29 Jul IDC helps Cape Town’s young minds take industries to the Fourth Industrial Revolution
Cape Town based 31 year old Frans Cronje and his like-minded friends, came together in 2014 and used their complementary skills to establish a business that specializes in artificial intelligence and complex machine data learning. Today, Data Prophet (Pty) Ltd is a recognized global leader in Artificial Intelligence (AI) for manufacturing. The company has created technology that encompasses unique software products that are used by the manufacturing industry to reduce manufacturing defects through process optimization.
“Using machine learning and artificial intelligence within its algorithms, the technology collects and analyses data generated from the manufacturing processes of clients in real time. It then predicts and prescribes the required management actions, which will result in an improvement in the processes and reduction in the manufacturing defect or scrap rate” the company explained the effects of its technology. The company received in excess of R62 million in funding from the Industrial Development Corporation (IDC), to fund its operations, including the development of a commercialization hub that will carry out most of its global operations.
IDC’s investment will further its objective of contributing to developing a local fourth industrial revolution (4IR) industry. The transaction will also support the creation of high-skilled data scientists, engineering and create about fifty IT-related jobs. Data Prophet’s executive management team is relatively young but are considered well-balanced with demonstrable experience in their respective fields of expertise. The company boasts a strong team of forty mathematicians, statisticians and data scientists who have made it their mission to help manufacturers reach their ambitions of building smart factories that use and rely on artificial intelligence. Cronje, who is CEO and co-founder, holds a Masters in Statistics and a Bachelor of Business Science Honours in Actuarial Science from the University of Cape Town.

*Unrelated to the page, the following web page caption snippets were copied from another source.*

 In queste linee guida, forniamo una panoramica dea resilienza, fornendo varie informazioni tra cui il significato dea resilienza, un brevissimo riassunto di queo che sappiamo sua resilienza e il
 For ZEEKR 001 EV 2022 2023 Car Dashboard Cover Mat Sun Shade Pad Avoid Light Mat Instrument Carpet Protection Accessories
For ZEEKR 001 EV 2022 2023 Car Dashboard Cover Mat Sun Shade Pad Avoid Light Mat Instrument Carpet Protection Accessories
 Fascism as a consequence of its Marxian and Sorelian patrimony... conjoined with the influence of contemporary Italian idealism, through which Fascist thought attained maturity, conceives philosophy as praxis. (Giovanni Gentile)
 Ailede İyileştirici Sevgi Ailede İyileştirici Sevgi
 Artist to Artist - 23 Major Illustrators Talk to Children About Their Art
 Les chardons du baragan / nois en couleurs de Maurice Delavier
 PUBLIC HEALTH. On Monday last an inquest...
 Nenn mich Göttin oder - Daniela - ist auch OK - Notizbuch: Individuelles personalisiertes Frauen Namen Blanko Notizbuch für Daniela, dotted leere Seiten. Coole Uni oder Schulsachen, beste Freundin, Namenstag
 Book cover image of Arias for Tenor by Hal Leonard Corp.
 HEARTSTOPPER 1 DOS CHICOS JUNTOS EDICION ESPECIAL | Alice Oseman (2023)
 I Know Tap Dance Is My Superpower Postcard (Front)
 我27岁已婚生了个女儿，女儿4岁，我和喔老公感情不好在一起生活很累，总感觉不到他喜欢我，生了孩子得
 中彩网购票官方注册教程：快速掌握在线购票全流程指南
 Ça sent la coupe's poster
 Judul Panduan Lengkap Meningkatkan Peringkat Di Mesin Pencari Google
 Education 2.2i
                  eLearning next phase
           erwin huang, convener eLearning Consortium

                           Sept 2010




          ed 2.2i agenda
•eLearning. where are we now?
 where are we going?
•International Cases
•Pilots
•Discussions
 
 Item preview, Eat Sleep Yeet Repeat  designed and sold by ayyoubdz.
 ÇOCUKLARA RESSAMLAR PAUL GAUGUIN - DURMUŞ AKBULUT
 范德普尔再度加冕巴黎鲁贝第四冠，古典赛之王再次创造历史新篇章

“We want to make our industrial artificial intelligence and machine learning solutions available to local companies operating in the foundry, automotive, milling, mineral processing and allied sectors, thus improving competitiveness in these industries and ultimately benefiting the South African economy. As a result, certain sectors in the local economy could leapfrog their global competitors, thus reversing our country’s de-industrialisation trend” they said.